In front of a modest sized group of veterans, their families, and other visitors, Portsmouth Police Chief Robert Ware, who also is an active duty Naval Chief Petty Officer, presented a somewhat unique – or at least different – take on honoring veterans at a time when the country seems greatly divided politically.
Ware encouraged debate and discussion. He said just because you disagree with someone is no reason to dislike that someone. He said the United States is a diverse culture.
“But we are commonly bonded by the United States of America and the flag that represents it,” Ware said. He said those previously mentioned debates and discussions are the best way to honor veterans who fought to ensure U.S. citizens have the freedom to disagree.

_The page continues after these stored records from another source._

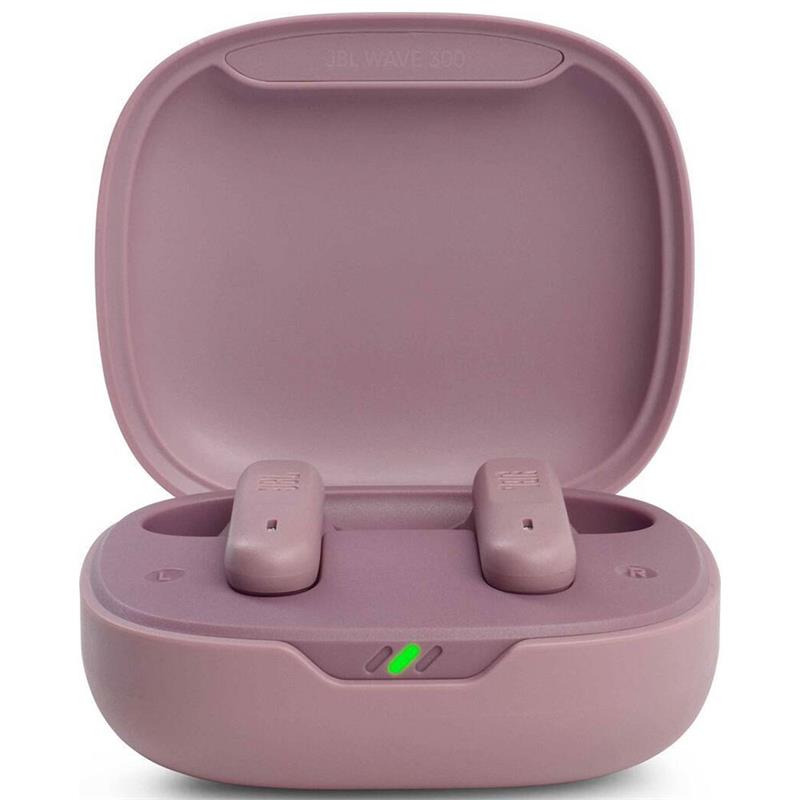 JBL Vibe 300TWS Pink slúchadlá
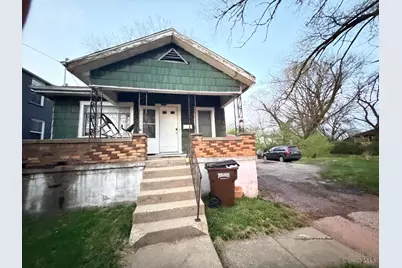 910 Byrd Avenue, Lincoln Heights, OH 45215 - Photo 1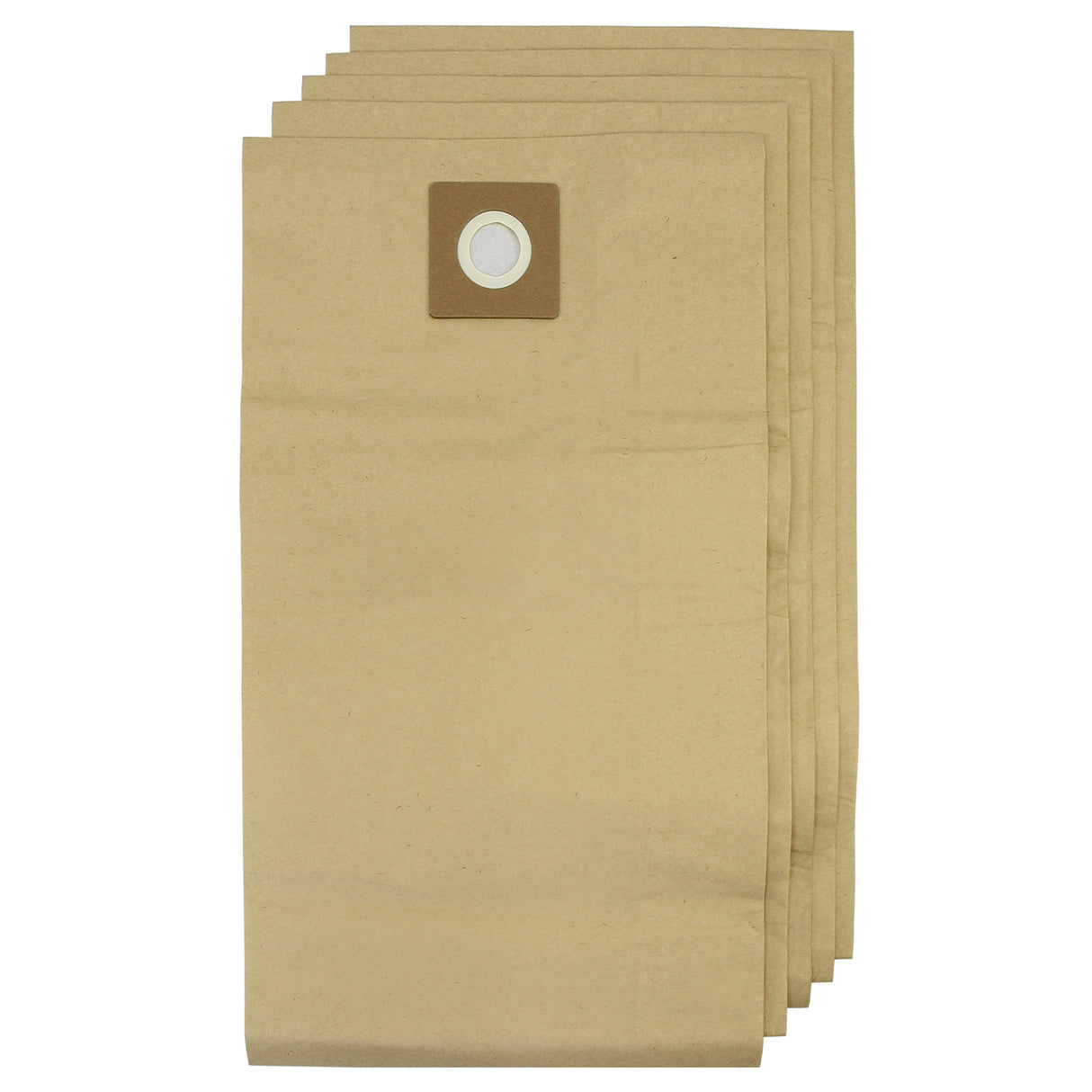 MAXBLAST 30L Dammsugarpåsar, 5 st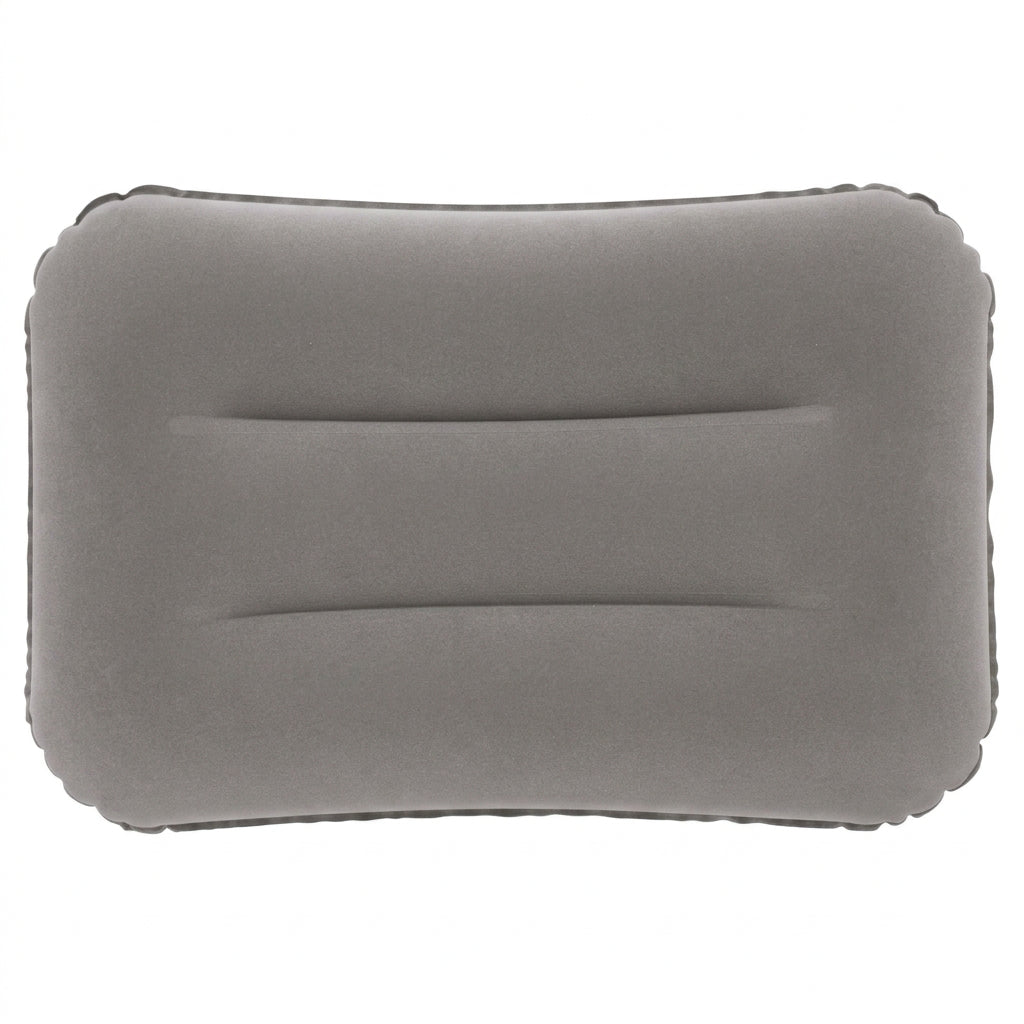 Bestway Inflatable Camping Travel Pillow 42 cm x 26 cm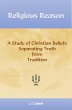 Religious Reason (eBook, ePUB) - Bild 1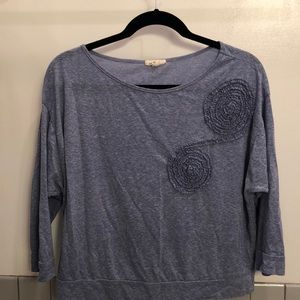 Silence & Noise t-shirt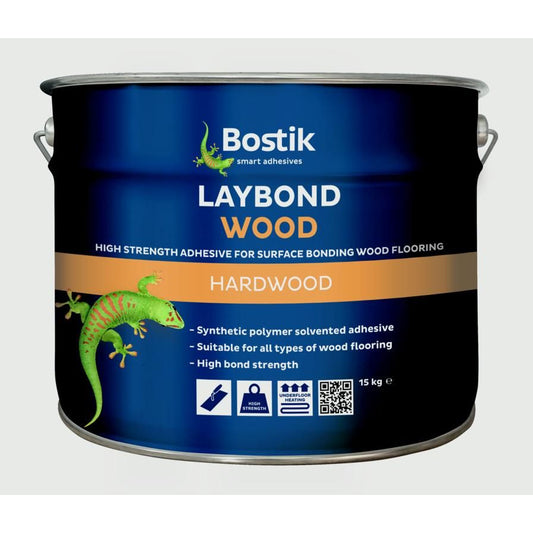 Aglomerante para madera Bostik Laybond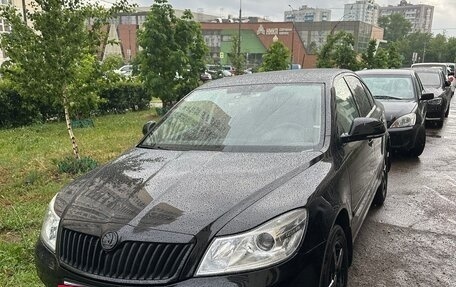 Skoda Octavia, 2012 год, 1 100 000 рублей, 2 фотография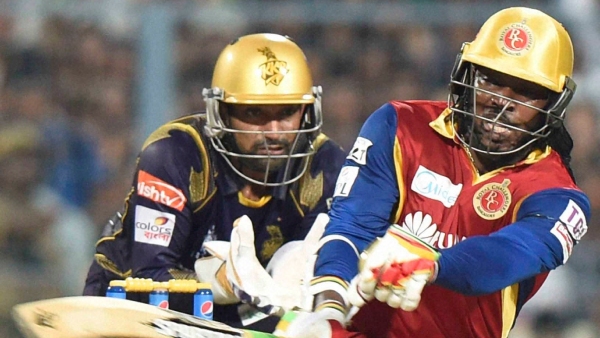 IPL Records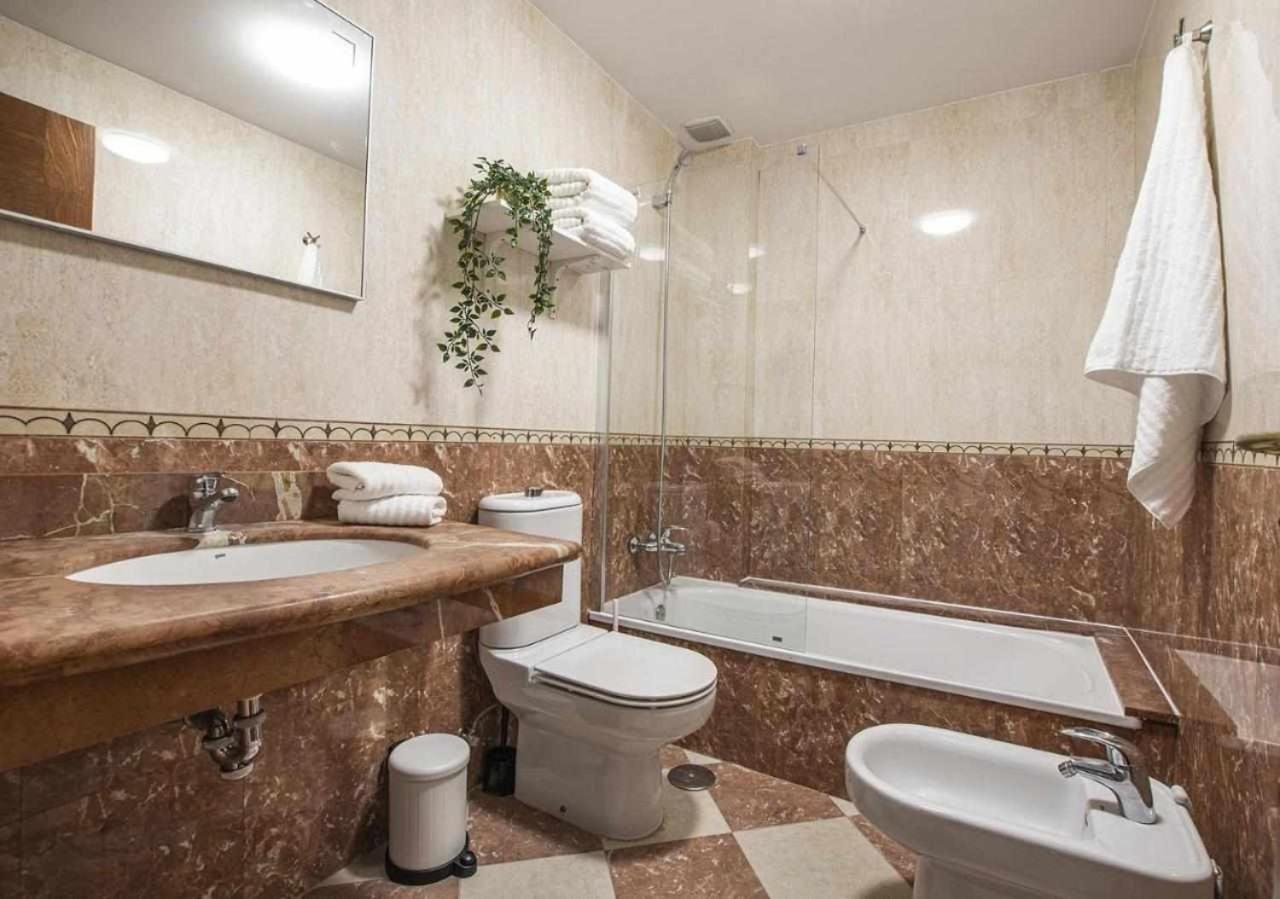 Holyhome Arrecife City Dış mekan fotoğraf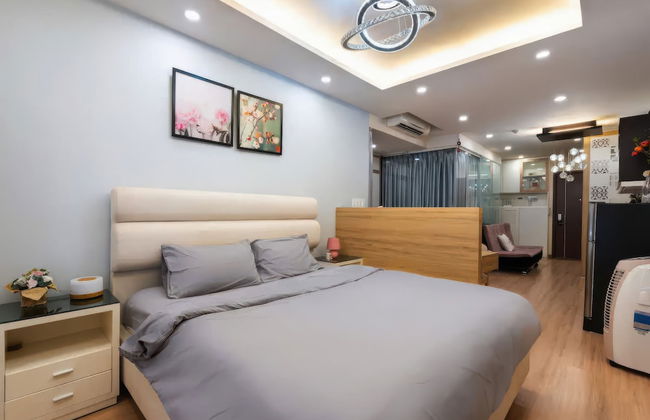 Lexington Residence - Luxurious Apartment District 2 - Foto 12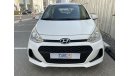 هيونداي جراند i10 GL 1.2 | Under Warranty | Free Insurance | Inspected on 150+ parameters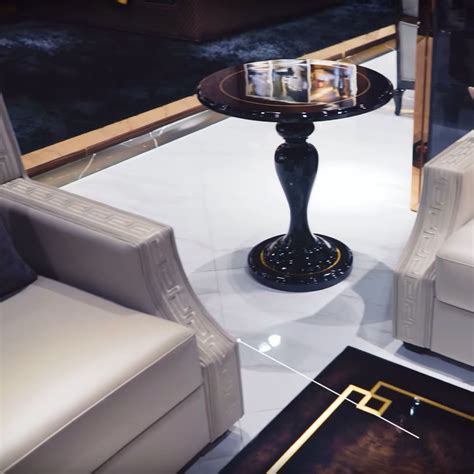 replica versace furniture china|versace luxury living.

Ware was speaking at the 25th annual Shawnee State University Veterans Recognition Day held Thursday, Nov. 7. The highlight of the event probably was set up in the lobby of SSU’s University Center. The Eyes of Freedom is a traveling war memorial honoring 22 Marines and one Navy Corpsman who gave all as members of Lima Company, Third Battalion, 25th Regiment, Marine Reserve Unit.
Speaking to the Daily Times prior to the formal SSU event, Eyes of Freedom Executive Director and member of the Lima Company, Corp. Mike Strahale said there were units serving in Iraq who took greater casualties than Lima Company but he also said during their deployment, no reserve group saw as much intense fighting as his.
While their deployment lasted eight months, in only four months of 2005, Lima Company suffered their 23 casualties. Strahale later told the crowd in the SSU ballroom 17 of the casualties were caused by two roadside bombs. In the early days of the wars in the Middle East, Strahale said the U.S. was not very good at protecting its military against such weapons.
“For the first time in a long time,” Strahale said, “the U.S. military was behind the curve.”
Strahale noted several times many of the fallen were Ohio natives as is Strahale himself. The portraits making up the memorial were created by Ohio artist Anita Miller and unveiled at the Ohio Statehouse Rotunda in 2008. Strahale said he has traveled around the country with the display ever since.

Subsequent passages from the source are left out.